WORK ITEM —
Look below for the line with "Best Emergency Denture Repair in Forsyth, IL", and from there restate every line word for word until the entries end.

DATA UNDER STUDY —
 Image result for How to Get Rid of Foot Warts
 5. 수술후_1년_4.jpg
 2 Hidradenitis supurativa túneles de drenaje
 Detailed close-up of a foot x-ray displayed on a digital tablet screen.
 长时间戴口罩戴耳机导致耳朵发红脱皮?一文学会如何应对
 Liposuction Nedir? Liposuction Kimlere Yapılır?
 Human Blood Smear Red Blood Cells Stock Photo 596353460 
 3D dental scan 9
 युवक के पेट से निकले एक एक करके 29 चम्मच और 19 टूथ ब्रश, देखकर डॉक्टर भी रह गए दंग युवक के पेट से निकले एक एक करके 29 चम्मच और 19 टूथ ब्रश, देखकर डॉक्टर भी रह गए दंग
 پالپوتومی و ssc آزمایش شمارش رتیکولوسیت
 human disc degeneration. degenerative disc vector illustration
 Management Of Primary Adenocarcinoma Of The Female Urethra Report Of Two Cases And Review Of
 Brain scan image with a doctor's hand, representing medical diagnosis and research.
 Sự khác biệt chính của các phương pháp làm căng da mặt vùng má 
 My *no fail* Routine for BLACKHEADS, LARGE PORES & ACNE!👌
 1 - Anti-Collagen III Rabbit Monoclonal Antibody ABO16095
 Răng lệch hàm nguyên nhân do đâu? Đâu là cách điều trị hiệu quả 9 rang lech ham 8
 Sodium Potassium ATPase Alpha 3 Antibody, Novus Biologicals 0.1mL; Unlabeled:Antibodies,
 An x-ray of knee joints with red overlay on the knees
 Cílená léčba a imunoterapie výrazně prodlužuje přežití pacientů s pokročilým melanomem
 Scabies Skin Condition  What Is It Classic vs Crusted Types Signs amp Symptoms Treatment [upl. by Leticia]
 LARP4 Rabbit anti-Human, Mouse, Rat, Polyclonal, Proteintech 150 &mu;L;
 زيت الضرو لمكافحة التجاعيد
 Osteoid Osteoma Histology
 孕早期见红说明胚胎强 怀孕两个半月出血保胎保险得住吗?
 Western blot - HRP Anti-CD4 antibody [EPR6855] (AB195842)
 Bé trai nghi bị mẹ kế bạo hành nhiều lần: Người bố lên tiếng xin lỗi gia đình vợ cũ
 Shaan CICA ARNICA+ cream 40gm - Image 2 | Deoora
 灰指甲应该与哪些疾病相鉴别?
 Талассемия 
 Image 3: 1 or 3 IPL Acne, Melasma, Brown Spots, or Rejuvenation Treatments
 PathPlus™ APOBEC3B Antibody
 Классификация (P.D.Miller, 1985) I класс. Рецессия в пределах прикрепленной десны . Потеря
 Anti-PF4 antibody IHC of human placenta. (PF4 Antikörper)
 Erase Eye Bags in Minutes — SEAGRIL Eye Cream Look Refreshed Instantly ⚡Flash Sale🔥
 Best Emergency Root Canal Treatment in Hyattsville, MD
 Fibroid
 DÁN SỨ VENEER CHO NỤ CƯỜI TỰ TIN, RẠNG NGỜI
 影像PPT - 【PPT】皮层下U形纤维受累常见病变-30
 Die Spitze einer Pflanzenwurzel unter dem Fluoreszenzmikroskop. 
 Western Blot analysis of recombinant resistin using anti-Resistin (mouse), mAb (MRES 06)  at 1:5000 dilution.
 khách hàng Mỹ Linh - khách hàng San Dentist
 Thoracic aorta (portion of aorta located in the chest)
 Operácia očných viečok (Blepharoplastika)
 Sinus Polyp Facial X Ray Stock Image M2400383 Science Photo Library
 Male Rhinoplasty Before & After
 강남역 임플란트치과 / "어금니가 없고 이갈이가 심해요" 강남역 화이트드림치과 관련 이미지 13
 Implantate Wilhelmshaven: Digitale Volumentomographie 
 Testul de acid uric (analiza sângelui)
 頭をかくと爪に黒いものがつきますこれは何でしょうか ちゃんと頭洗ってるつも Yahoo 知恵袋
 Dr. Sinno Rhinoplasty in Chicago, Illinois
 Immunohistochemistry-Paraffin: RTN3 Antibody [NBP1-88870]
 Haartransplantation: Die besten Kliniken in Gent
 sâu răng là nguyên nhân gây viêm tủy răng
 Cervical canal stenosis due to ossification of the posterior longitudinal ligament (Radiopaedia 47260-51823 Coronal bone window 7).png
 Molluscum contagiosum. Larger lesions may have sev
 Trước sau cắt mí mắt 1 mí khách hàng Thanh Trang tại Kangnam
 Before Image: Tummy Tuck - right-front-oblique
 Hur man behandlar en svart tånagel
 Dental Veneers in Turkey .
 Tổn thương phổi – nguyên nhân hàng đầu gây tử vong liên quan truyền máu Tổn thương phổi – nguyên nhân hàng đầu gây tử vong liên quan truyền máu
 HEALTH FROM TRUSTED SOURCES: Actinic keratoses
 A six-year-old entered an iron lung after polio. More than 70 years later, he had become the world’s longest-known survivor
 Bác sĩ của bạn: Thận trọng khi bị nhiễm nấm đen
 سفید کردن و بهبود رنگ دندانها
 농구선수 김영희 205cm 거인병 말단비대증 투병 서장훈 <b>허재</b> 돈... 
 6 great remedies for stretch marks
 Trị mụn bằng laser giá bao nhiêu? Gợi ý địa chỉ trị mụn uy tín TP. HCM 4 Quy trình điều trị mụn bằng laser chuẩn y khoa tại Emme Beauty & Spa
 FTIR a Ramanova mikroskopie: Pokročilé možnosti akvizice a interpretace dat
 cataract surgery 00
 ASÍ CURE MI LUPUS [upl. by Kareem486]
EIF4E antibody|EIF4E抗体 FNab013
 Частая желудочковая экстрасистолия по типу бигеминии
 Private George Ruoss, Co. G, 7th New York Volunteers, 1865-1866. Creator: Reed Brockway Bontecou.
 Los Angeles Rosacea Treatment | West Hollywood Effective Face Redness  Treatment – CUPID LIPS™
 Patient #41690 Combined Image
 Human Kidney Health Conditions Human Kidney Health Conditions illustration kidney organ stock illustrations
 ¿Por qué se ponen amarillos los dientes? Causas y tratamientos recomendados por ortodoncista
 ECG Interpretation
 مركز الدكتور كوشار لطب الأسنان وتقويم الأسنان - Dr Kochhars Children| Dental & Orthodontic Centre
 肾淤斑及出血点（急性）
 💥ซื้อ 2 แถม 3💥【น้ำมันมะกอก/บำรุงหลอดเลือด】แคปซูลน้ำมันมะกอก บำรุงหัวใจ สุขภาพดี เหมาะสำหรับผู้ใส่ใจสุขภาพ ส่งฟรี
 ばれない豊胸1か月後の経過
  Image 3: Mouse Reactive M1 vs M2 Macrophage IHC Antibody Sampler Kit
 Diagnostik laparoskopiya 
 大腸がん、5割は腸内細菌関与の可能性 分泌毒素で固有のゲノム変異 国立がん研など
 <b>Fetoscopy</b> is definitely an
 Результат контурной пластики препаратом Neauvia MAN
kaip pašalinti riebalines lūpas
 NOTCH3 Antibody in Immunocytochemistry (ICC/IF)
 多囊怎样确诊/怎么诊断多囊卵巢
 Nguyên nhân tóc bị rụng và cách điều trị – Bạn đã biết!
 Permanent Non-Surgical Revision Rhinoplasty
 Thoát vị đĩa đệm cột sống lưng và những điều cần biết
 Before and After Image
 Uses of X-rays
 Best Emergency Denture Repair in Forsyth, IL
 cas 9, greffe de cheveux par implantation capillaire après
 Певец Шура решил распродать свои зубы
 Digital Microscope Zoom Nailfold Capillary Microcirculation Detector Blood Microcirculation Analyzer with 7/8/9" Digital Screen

SOLUTION —
 Best Emergency Denture Repair in Forsyth, IL
 cas 9, greffe de cheveux par implantation capillaire après
 Певец Шура решил распродать свои зубы
 Digital Microscope Zoom Nailfold Capillary Microcirculation Detector Blood Microcirculation Analyzer with 7/8/9" Digital Screen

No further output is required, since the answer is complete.